__WHAT YOU SHOULD DO__: Print all the records below exactly as they stand, but leave out the pictures.

__Stored data entries__:

^^^^

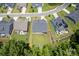Aerial view of a home showcasing its well-manicured lawn, deck, and proximity to nearby houses at 252 Broadleaf Dr, Denver, NC 28037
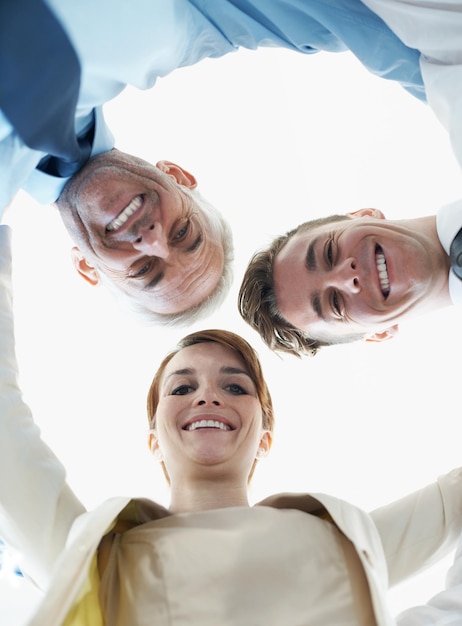 Zakelijke mensen glimlachen en verzamelen zich voor gelukkig succes samenwerking of teambuilding in portret Professionele collega's en gezicht in cirkel voor ondersteuning motivatie en solidariteit vanuit een lage hoek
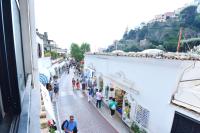 a group of people walking down a street at Casa Mulini in Positano
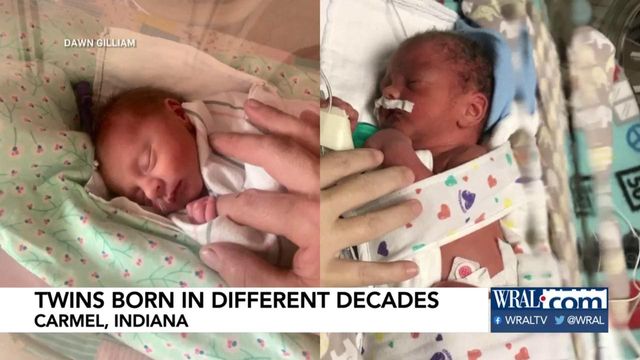Twins born minutes apart, technically in different decades, during New Year's Eve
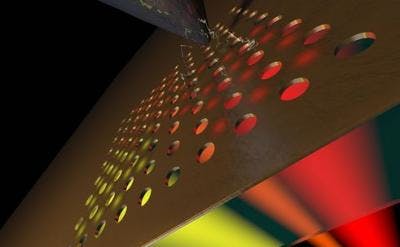 A metal nanocircuit is composed of an array of nanoscale holes in a 20-nm-thick gold film. A needle measures the voltage that is generated while the holes are illuminated.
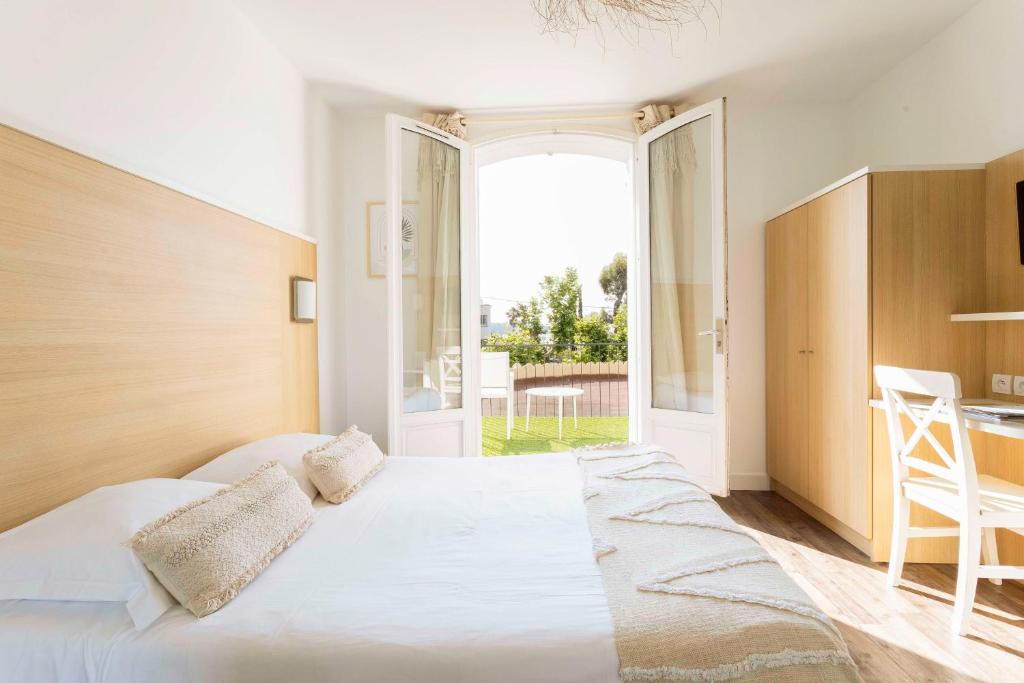 a bedroom with a large bed and a large window at Le Relais d'Agay in Agay - Saint Raphael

^^^^

__YOUR RESPONSE__:
Aerial view of a home showcasing its well-manicured lawn, deck, and proximity to nearby houses at 252 Broadleaf Dr, Denver, NC 28037
 Zakelijke mensen glimlachen en verzamelen zich voor gelukkig succes samenwerking of teambuilding in portret Professionele collega's en gezicht in cirkel voor ondersteuning motivatie en solidariteit vanuit een lage hoek
 a group of people walking down a street at Casa Mulini in Positano
Twins born minutes apart, technically in different decades, during New Year's Eve
 A metal nanocircuit is composed of an array of nanoscale holes in a 20-nm-thick gold film. A needle measures the voltage that is generated while the holes are illuminated.
 a bedroom with a large bed and a large window at Le Relais d'Agay in Agay - Saint Raphael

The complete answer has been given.